The process for using the tools menu should now be emblazoned in your mind in letters of fire (green arrow first, blue arrow second, click where the red box is).
Fill that second box with monte
You could backtest 10 times, save off the monthly returns for each series, and compose those. If you did, that would be a longer assignment, especially since you need to do that for earnings yield. So, will you? Nah — use monte carlo instead. That will do all the backtests, and put them all on the same table for you. You are going to choose monte_range (monte from x to y).
Go from 0 to 9 step 1
We want to see Piotroski 0, and we don’t want to see Piotroski 10 (Why not? Some mental homework for you to complete.). So, just click on the numbers and change them.
The backtest button is next to the “go” button.

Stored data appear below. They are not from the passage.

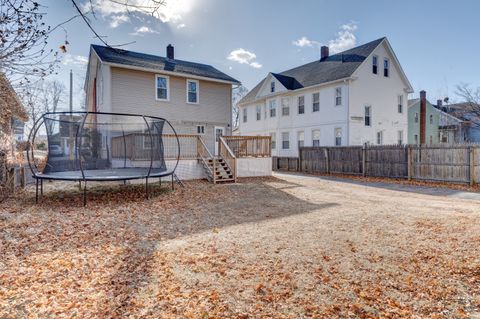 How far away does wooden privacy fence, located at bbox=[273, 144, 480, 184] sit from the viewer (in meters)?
12.3

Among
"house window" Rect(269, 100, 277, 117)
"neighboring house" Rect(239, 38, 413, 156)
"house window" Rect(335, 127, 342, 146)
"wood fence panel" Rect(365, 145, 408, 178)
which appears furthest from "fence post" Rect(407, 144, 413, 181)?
"house window" Rect(269, 100, 277, 117)

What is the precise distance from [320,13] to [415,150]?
7.91 meters

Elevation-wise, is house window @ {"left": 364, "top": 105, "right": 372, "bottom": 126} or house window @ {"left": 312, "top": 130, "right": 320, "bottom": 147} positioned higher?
house window @ {"left": 364, "top": 105, "right": 372, "bottom": 126}

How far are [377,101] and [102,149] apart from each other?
18.1 meters

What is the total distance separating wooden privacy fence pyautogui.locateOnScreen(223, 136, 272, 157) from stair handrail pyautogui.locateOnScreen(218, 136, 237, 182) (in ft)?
2.01

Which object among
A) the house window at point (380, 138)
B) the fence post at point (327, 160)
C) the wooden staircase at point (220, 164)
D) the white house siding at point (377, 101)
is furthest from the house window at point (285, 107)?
the wooden staircase at point (220, 164)

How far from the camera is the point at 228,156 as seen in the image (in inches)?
509

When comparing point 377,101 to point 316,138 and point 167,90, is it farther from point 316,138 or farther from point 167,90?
point 167,90

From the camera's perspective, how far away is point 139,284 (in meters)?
3.45

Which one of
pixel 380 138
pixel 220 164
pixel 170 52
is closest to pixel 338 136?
pixel 380 138

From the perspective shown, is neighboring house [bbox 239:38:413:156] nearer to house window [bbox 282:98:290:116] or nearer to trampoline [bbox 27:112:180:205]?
house window [bbox 282:98:290:116]

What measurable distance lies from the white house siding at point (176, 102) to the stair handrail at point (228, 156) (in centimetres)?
357

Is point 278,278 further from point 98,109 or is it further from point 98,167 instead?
point 98,109

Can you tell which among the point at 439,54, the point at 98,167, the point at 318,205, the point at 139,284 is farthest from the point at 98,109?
the point at 439,54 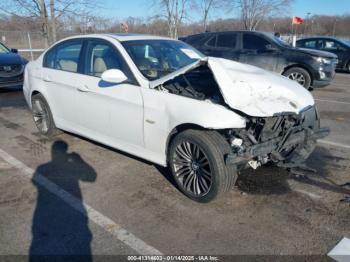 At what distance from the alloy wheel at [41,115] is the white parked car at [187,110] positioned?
0.92 metres

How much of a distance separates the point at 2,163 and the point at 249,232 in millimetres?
3517

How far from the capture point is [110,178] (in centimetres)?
407

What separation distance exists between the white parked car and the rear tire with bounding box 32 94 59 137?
810 millimetres

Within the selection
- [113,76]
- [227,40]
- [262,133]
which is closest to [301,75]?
[227,40]

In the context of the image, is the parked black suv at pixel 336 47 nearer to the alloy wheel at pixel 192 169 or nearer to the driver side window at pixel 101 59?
the driver side window at pixel 101 59

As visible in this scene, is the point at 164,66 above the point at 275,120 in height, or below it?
above

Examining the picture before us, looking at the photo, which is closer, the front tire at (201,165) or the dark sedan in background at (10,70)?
the front tire at (201,165)

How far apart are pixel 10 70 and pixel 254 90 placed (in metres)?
8.69

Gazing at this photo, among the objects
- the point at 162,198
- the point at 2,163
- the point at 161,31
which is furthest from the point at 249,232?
the point at 161,31

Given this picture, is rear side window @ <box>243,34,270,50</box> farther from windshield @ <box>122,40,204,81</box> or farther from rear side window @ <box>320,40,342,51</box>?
rear side window @ <box>320,40,342,51</box>

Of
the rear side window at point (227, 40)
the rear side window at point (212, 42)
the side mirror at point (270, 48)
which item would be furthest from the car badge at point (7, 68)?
the side mirror at point (270, 48)

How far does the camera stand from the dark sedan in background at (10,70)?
9617 mm

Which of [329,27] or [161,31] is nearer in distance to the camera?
[161,31]

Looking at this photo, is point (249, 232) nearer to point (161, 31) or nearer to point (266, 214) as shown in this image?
point (266, 214) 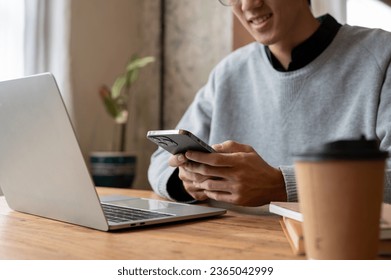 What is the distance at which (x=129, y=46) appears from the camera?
297 centimetres

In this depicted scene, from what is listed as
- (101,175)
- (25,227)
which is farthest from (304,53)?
(101,175)

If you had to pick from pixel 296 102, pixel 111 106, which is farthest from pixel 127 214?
pixel 111 106

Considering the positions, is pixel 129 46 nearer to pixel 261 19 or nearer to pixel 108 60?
pixel 108 60

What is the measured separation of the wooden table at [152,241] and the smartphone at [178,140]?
0.44ft

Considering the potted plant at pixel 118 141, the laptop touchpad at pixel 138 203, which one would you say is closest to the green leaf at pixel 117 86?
the potted plant at pixel 118 141

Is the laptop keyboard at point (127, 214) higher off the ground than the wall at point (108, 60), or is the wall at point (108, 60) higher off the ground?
the wall at point (108, 60)

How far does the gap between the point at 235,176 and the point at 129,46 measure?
2.18m

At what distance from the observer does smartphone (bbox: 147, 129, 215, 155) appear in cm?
80

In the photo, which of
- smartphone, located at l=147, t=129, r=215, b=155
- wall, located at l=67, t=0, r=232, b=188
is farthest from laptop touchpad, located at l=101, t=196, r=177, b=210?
wall, located at l=67, t=0, r=232, b=188

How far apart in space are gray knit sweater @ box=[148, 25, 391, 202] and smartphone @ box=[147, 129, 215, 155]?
263 mm

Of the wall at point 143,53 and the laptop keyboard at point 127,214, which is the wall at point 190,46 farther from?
the laptop keyboard at point 127,214

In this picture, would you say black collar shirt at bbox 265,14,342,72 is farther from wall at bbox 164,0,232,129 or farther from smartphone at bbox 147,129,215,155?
wall at bbox 164,0,232,129

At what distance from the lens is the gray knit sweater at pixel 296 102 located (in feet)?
4.16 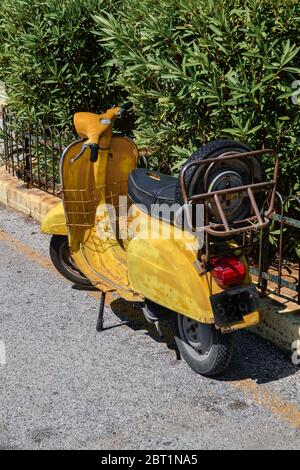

This will take a minute or two.
After you click the “run button” of course. You’ll want to change the dates to match the desired range (green arrows).
We only got five lines!?!
You will notice that there are only five lines. You need to set a magic variable “whic_montes” to “max of -1 1” to get all the lines. Create a new line.
Create a condition.
You want this condition to be always true, but have “which_montes” in it. Unfortunately, you need somewhere to put it. Hence, the need for a new condition which is always true. Of course you could just use a new tab (new tab button pointed to by the green arrow or CTRL T).
Name the left side “which_montes”
Use the menu to name the line, or use the single quote key to do the same thing.
The backtest can be accessed by CTRL B, or by the button which is still by the go button.
If it takes too long, you can put the task in the background.
Or you can just wait……
Those are some pretty results.
The manager’s report will give you monthly returns. Try clicking on all the tabs at the bottom. With a monte-carlo, the green shaded tabs won’t have results, but the others all have interesting info. If there is no monte carlo, the green shaded tabs go into detail about all the trades.
View the massive table and see if you can assess anything about the data.
The monthly returns are sorted vertically by date, and horizontally by Piotroski score. If you need to export to Excel, use the “export” button (green arrow).
You potentially need to change the dates.
Try clicking elsewhere to see what happens.